El neoliberalismo no solo está ganando -¿o ha ganado definitivamente?- la guerra de los hechos. También se mantiene victorioso, desde hace más de tres décadas, en la guerra del lenguaje. De esto hablaba ya en 2004 el lingüista George Lakoff, que en su ensayo No pienses en un elefante advertía descarnadamente de que la derecha había conquistado el territorio de la narración con unos mensajes simples y eficaces, ante la pasividad del progresismo para construir un relato convincente. Uno de los ejemplos que citaba el profesor de Berkeley era el de George W. Bush, cuyos estrategas le diseñaron el eslogan “alivio fiscal” como parapeto para acometer una drástica reducción de impuestos que favoreció de modo muy especial a los más ricos y ensanchó a niveles desconocidos las grietas sociales en el país. Eso no era intervención política, válganos dios: era un acto liberador de la pesada carga que soportaban los ciudadanos por cuenta de los odiosos impuestos. Algo como lo que hoy hace nuestra vernácula Ayuso: reducir de modo generalizado los impuestos con el fin de atraer empresas y generar más riqueza, que ya repercutirá esta en beneficio de todos los ciudadanos mediante el 'efecto irrigación'; mientras, la inversión social se desploma por falta de ingresos, el servicio público de salud se deteriora, la enseñanza pública se abandona a su suerte. Tampoco aquí cabe hablar de intervención política; los corifeos de la presidenta madrileña ya le han encontrado el nombre adecuado: “milagro económico”.

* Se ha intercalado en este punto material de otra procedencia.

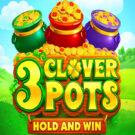 3 Clover Pots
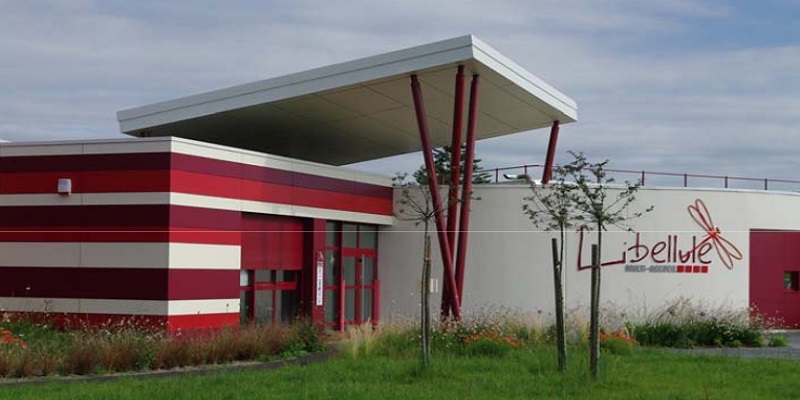Aeropolis – Industrie Aéronautique à Pau – Labellisé site industriel clés en main par « Territoires d’industrie »
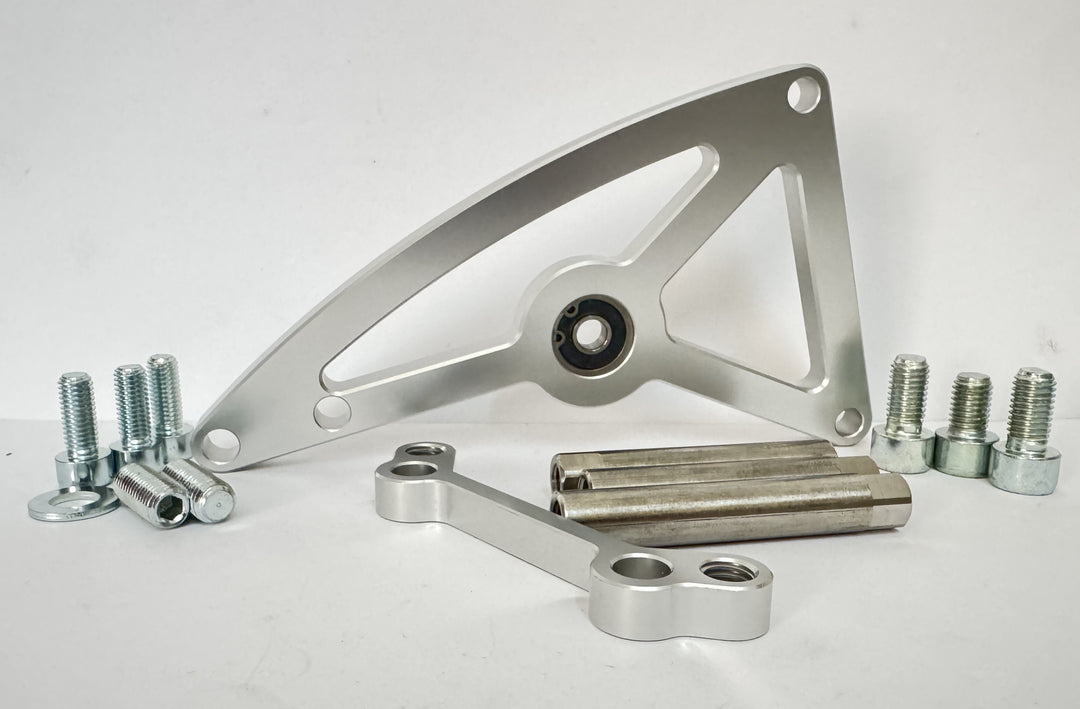 Supporto frizione Malossi Over Range Piaggio Ciao SI Bravo con variatore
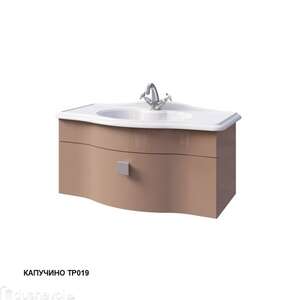 Мебель для ванной комнаты Caprigo Nokturn 90 1 ящик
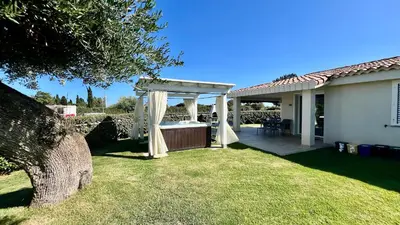 Giardino di Ville d'Ogliastra 2 - Marina Suites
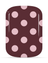 ChargePods Battery + Shell Couture Burgundy ChargePod -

No sé si Pedro Sánchez seguirá adelante con su plan de crear una empresa pública para gestionar las hidroeléctricas a medida que vayan caducando las concesiones privadas vigentes. O qué solución dará finalmente a los atropellos contra los ciudadanos por parte de las compañías eléctricas. Tampoco sé qué salida le piensa dar a la crisis de la vivienda, que tiene a los treintañeros viviendo de a seis por piso. O a las consecuencias indeseables para la cohesión social que están teniendo las privatizaciones de la sanidad o el creciente abandono del sistema público de educación. De lo que creo estar seguro es de que por nada del mundo el presidente desearía que lo acusaran de intervención política. Esta es una acusación demasiado seria en los tiempos que corren. Miren si no a los rivales de Sánchez, los que han conseguido que Bruselas le advierta al Gobierno español contra cualquier tentación de intervenir en los precios del mercado: los han acusado de corrupción, de crear policías secretas contra sus adversarios, de manejar cajas B, de tener responsabilidad en la tragedia de las residencias, de haber desmantelado el sector público español, de favorecer con contratos públicos a los amigos del partido, de aliarse con una formación extremista que estaría sometida al ostracismo en los países del entorno… Podrán decir cualquier cosa de ellos, pero eso sí: nunca, jamás, se les podrá acusar de intervención política.